• Work instruction
Only the records, exactly as written, belong in the answer; pictures do not.

(Image-text web data)

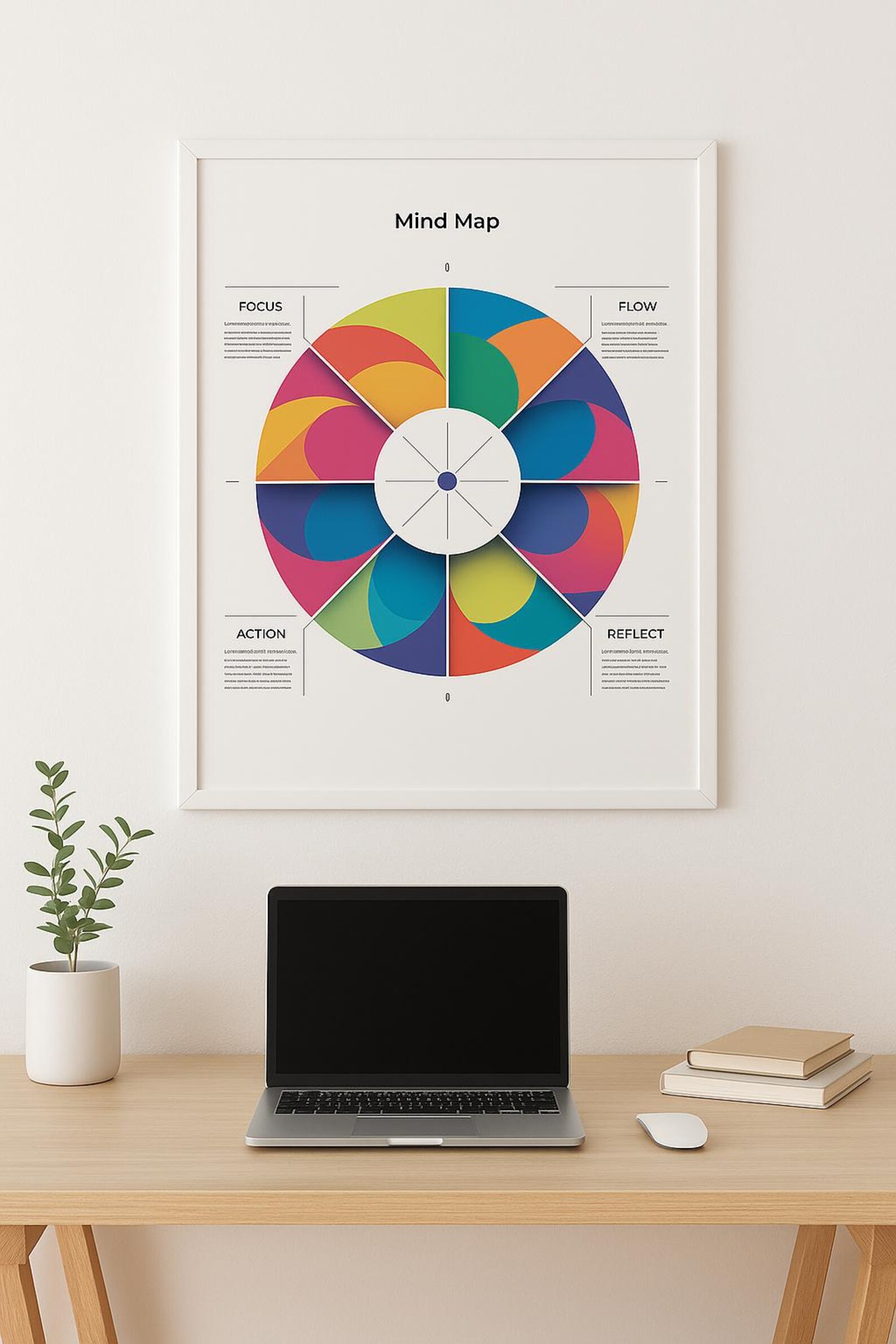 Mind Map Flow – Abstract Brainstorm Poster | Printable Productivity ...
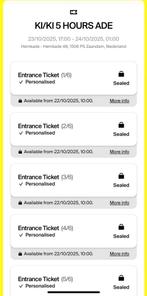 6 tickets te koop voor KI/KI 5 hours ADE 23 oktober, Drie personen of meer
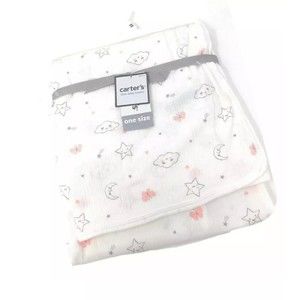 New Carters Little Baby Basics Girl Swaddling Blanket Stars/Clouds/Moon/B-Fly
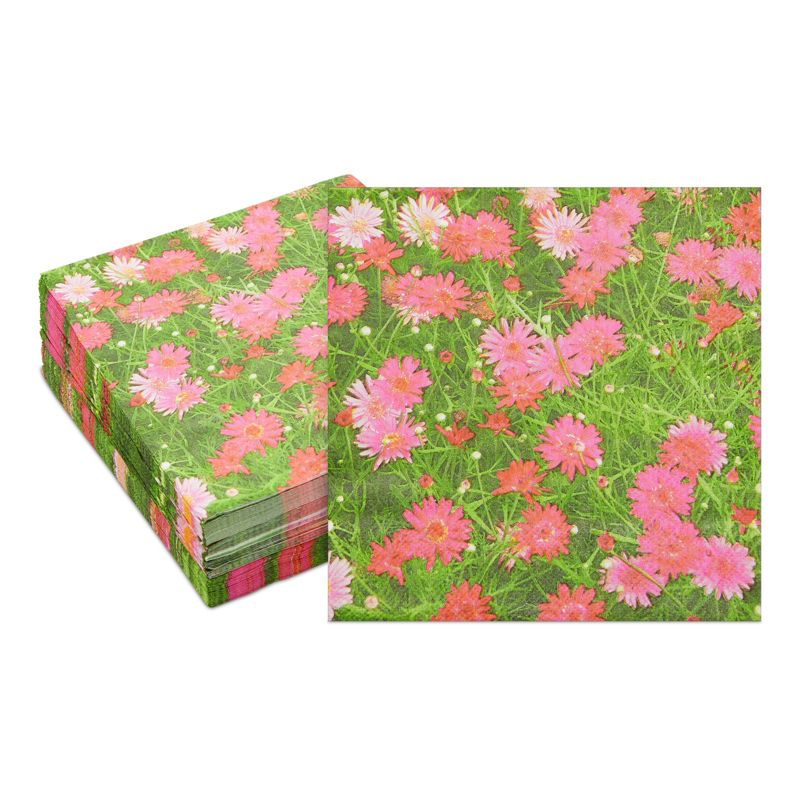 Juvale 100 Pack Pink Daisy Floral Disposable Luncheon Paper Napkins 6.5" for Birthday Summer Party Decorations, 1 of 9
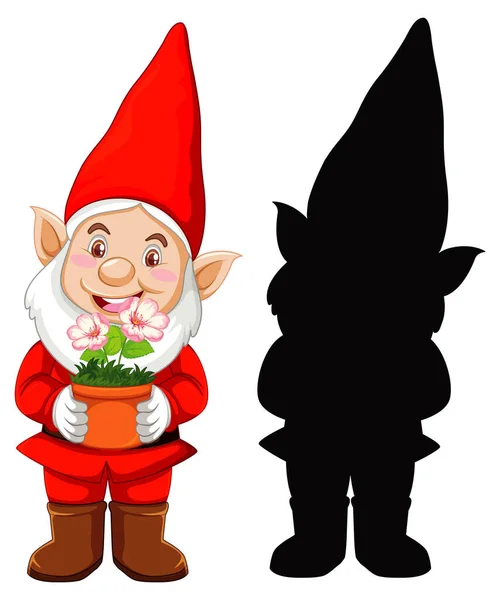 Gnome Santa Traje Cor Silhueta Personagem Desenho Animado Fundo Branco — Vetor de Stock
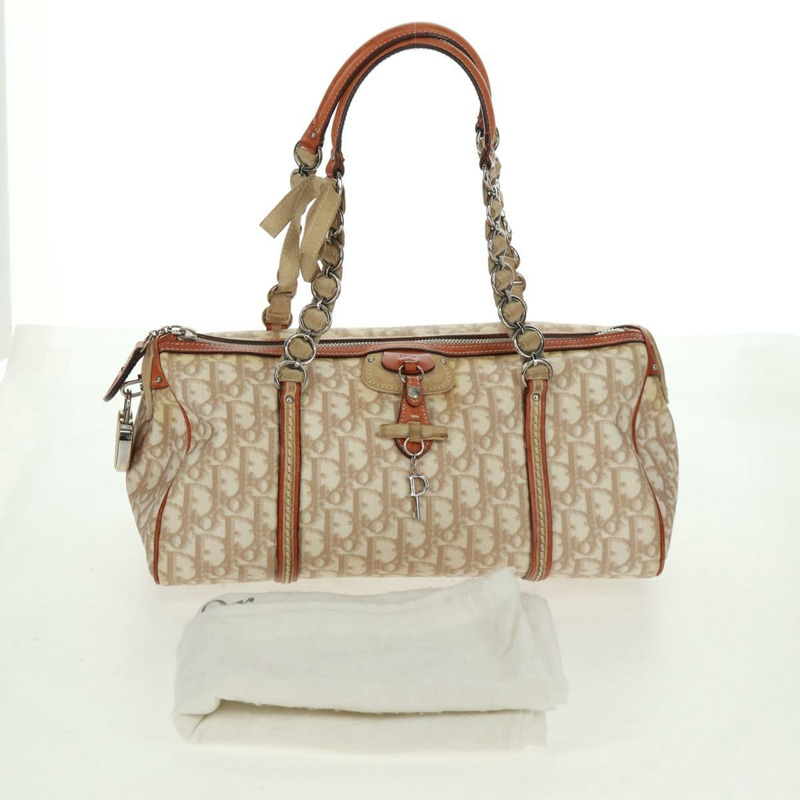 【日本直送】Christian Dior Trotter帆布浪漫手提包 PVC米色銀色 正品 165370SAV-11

• The answer
 Mind Map Flow – Abstract Brainstorm Poster | Printable Productivity ...
 6 tickets te koop voor KI/KI 5 hours ADE 23 oktober, Drie personen of meer
 New Carters Little Baby Basics Girl Swaddling Blanket Stars/Clouds/Moon/B-Fly
 Juvale 100 Pack Pink Daisy Floral Disposable Luncheon Paper Napkins 6.5" for Birthday Summer Party Decorations, 1 of 9
 Gnome Santa Traje Cor Silhueta Personagem Desenho Animado Fundo Branco — Vetor de Stock
 【日本直送】Christian Dior Trotter帆布浪漫手提包 PVC米色銀色 正品 165370SAV-11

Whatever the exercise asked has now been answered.